## What to work on
The lines below, from the one containing "Alegre apto con piscina, a 300m de la playa." through the one containing "Spring Lake Villas, 8228", should be set down exactly, with no pictures and nothing else.

## Information shown
════════════════════
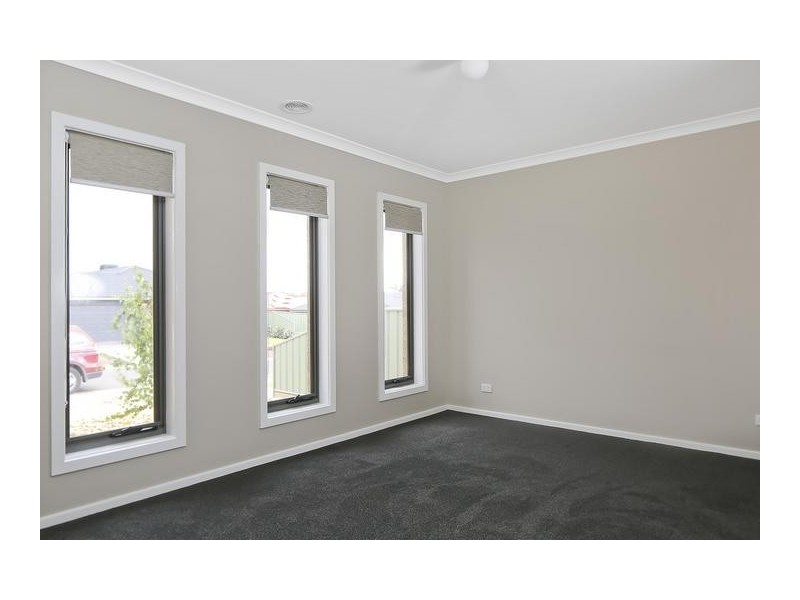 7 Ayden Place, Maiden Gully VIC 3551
════════════════════
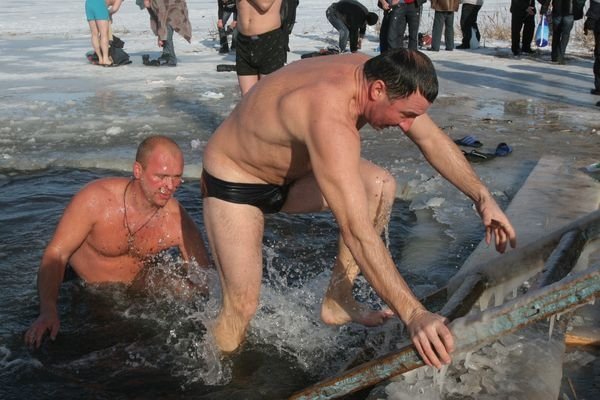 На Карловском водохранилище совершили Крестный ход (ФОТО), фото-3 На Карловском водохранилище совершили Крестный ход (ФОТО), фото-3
════════════════════
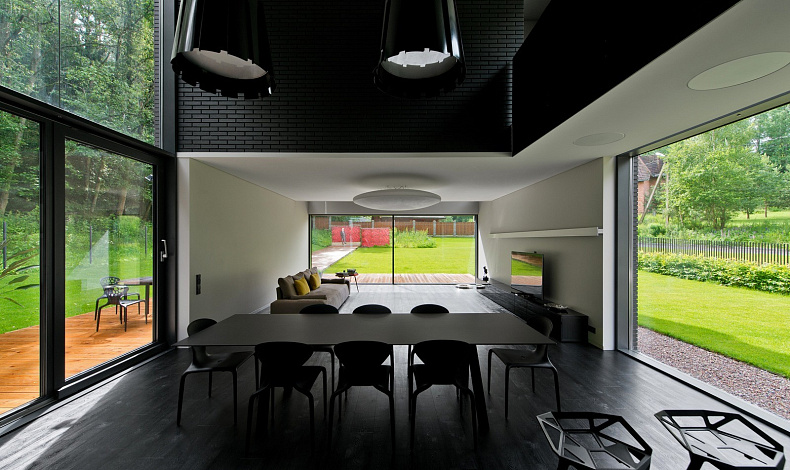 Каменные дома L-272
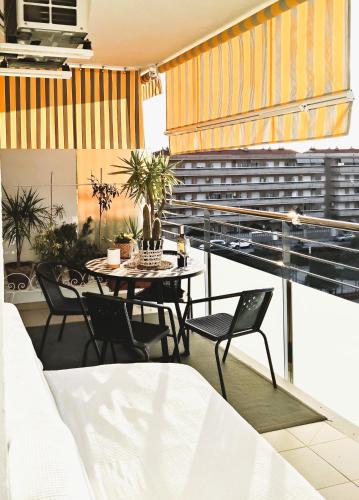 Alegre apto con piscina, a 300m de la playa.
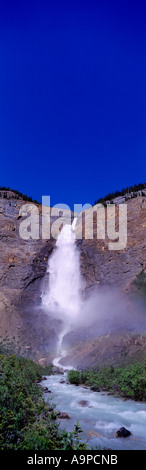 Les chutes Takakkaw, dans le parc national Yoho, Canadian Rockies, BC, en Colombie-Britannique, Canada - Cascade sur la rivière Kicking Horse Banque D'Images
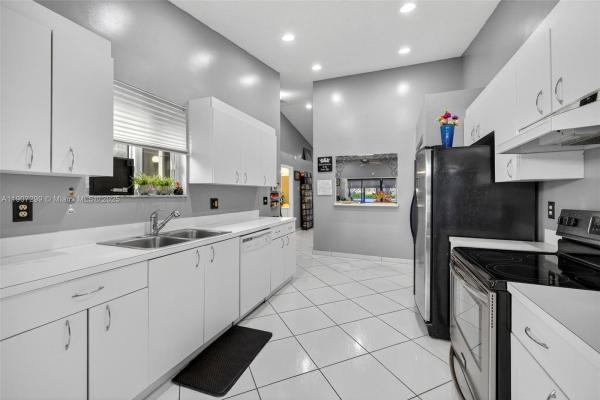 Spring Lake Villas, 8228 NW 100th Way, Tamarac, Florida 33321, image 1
════════════════════
## Exercise response
 Alegre apto con piscina, a 300m de la playa.
 Les chutes Takakkaw, dans le parc national Yoho, Canadian Rockies, BC, en Colombie-Britannique, Canada - Cascade sur la rivière Kicking Horse Banque D'Images
 Spring Lake Villas, 8228 NW 100th Way, Tamarac, Florida 33321, image 1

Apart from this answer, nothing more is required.